## ABOUT THIS TASK:
After finding the line with "Book cover for Old Larne" in the data below, set down exactly each line through the one with "2011 (61) - 1.25 2 5dr Auto", inclusive, and stop there.

---------- MATERIAL FOR THIS EXERCISE ----------

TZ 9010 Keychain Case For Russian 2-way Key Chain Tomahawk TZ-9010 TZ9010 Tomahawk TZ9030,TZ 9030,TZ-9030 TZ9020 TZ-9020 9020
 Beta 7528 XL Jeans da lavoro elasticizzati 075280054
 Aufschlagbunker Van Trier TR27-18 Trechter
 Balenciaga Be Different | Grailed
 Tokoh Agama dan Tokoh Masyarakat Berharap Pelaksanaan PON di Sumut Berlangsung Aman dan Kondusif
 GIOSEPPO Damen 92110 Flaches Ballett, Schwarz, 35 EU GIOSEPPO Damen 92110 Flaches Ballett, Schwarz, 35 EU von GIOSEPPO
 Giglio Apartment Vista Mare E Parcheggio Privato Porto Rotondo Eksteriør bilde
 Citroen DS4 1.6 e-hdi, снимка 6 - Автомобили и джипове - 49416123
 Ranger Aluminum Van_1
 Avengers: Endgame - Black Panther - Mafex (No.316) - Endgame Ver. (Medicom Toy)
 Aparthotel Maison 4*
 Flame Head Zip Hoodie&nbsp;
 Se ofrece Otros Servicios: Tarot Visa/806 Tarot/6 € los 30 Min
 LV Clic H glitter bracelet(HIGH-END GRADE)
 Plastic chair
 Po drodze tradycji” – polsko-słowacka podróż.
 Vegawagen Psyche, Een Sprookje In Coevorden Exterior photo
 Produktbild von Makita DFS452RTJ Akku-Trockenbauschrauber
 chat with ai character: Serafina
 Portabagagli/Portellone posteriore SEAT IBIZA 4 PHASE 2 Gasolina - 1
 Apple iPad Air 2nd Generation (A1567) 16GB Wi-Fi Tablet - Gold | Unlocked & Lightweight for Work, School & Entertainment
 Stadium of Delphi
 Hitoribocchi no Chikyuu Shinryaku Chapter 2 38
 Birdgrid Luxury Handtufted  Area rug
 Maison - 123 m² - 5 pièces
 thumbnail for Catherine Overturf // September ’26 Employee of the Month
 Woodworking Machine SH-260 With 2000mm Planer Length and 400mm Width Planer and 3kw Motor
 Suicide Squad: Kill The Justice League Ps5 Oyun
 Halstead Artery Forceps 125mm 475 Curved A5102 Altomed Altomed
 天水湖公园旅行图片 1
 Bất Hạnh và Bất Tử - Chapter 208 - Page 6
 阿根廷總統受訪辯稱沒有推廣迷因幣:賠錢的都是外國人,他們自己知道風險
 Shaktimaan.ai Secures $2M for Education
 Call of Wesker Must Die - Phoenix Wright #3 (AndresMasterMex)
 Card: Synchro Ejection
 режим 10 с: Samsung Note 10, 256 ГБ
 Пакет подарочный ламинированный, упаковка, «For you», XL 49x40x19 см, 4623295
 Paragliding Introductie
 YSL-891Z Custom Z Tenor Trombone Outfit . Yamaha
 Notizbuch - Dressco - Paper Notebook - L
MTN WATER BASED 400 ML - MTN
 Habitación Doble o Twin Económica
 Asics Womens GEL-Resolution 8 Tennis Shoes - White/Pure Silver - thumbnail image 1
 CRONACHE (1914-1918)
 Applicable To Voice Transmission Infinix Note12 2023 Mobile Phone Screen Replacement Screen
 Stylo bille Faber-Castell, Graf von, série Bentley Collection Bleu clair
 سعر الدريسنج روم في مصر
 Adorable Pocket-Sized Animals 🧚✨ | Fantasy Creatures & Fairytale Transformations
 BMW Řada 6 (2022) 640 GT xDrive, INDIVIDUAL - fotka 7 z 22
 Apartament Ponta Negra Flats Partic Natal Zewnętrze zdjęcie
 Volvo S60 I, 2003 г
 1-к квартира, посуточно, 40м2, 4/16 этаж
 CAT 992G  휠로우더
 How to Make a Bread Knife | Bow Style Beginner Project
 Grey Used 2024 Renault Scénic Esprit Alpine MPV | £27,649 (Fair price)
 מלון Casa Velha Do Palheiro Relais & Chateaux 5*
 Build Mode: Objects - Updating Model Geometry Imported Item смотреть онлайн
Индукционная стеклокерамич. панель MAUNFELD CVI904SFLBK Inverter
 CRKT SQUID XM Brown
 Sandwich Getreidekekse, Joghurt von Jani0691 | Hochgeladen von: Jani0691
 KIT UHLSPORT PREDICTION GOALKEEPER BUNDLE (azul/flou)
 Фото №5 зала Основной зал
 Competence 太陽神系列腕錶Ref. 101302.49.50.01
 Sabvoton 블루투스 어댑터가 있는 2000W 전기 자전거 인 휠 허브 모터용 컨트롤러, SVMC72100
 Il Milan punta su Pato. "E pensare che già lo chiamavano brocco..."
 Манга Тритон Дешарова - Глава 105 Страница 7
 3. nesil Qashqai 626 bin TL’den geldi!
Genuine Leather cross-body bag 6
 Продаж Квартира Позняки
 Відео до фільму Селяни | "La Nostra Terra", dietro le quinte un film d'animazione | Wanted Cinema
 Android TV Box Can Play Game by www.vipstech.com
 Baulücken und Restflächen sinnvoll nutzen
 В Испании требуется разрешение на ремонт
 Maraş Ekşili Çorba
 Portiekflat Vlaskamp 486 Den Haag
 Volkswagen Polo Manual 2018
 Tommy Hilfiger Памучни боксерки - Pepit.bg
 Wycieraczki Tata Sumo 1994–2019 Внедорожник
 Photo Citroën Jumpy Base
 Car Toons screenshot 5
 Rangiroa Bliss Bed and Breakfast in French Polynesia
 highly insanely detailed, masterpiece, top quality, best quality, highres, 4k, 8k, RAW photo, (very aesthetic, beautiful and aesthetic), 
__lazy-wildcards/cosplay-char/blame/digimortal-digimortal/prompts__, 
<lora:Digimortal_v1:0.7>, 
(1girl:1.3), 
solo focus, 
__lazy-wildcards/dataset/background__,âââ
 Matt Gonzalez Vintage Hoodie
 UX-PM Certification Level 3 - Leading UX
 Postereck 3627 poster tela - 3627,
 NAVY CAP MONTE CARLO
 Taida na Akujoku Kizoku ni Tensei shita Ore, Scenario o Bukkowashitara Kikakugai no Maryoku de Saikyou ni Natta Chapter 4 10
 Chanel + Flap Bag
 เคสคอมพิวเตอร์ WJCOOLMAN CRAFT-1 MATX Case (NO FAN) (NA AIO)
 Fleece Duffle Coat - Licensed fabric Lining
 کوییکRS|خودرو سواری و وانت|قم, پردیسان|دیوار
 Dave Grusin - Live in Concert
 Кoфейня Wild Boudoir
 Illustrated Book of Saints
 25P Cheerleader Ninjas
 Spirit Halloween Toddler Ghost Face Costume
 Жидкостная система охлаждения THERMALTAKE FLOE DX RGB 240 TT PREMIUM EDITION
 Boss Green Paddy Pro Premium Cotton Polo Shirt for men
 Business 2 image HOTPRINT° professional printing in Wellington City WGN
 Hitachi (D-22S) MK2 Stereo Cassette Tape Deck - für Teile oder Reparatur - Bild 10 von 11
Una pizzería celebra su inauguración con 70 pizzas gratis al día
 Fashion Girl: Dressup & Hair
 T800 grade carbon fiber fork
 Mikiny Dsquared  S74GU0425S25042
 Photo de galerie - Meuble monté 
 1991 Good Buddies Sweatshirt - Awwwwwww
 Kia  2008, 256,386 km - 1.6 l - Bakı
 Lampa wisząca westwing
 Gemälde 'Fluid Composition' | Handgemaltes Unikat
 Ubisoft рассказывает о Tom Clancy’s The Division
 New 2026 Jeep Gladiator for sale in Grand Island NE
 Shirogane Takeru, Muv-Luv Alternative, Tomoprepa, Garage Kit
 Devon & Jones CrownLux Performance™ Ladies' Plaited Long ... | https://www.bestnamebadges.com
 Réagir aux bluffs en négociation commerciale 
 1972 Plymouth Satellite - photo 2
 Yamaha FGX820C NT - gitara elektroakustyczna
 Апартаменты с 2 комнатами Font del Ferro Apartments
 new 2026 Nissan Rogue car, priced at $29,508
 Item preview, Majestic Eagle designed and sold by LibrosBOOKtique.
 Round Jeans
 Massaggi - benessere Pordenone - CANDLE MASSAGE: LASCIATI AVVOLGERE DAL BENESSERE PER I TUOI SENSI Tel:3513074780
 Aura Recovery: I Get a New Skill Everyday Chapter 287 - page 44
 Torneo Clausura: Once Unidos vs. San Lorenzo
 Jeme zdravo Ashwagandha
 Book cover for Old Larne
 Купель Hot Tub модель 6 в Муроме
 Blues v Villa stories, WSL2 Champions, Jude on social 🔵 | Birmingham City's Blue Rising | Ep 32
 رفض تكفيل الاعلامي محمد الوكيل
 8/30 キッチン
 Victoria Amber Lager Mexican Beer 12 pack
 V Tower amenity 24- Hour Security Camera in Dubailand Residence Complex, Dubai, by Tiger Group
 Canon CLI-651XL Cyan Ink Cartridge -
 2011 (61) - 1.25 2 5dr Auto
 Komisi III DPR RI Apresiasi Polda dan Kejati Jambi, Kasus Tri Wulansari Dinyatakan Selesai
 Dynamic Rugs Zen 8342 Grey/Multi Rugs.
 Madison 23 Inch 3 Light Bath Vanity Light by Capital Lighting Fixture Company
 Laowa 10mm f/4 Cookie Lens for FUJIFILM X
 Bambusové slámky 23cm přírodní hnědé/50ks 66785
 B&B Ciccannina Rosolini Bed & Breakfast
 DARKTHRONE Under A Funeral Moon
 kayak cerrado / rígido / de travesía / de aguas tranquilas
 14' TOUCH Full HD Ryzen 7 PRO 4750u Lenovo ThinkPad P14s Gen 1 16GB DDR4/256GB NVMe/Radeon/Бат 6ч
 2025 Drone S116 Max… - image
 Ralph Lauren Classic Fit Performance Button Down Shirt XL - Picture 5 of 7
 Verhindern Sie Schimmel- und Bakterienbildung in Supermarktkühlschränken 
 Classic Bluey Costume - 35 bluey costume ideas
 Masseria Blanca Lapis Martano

----------

## ANSWER SPACE:
 Book cover for Old Larne
 Купель Hot Tub модель 6 в Муроме
 Blues v Villa stories, WSL2 Champions, Jude on social 🔵 | Birmingham City's Blue Rising | Ep 32
 رفض تكفيل الاعلامي محمد الوكيل
 8/30 キッチン
 Victoria Amber Lager Mexican Beer 12 pack
 V Tower amenity 24- Hour Security Camera in Dubailand Residence Complex, Dubai, by Tiger Group
 Canon CLI-651XL Cyan Ink Cartridge -
 2011 (61) - 1.25 2 5dr Auto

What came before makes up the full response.